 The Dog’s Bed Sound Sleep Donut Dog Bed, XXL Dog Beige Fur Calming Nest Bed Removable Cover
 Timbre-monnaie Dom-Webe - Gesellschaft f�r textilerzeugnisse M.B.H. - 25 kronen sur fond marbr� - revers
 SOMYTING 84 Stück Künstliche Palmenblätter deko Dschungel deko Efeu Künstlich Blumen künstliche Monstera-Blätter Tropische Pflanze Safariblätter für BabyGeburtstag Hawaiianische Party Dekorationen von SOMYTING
...
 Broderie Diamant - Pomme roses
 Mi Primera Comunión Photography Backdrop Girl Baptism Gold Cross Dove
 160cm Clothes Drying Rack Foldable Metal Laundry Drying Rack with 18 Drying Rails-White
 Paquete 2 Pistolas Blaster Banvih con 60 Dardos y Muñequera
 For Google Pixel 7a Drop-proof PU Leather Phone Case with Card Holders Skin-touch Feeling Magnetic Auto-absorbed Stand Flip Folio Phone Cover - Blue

* Task requirements:
All lines in the data above from the one with "The Dog’s Bed" through the one with "SOMYTING 84 Stück" must be repeated exactly, and no others.

* Result:
 The Dog’s Bed Sound Sleep Donut Dog Bed, XXL Dog Beige Fur Calming Nest Bed Removable Cover
 Timbre-monnaie Dom-Webe - Gesellschaft f�r textilerzeugnisse M.B.H. - 25 kronen sur fond marbr� - revers
 SOMYTING 84 Stück Künstliche Palmenblätter deko Dschungel deko Efeu Künstlich Blumen künstliche Monstera-Blätter Tropische Pflanze Safariblätter für BabyGeburtstag Hawaiianische Party Dekorationen von SOMYTING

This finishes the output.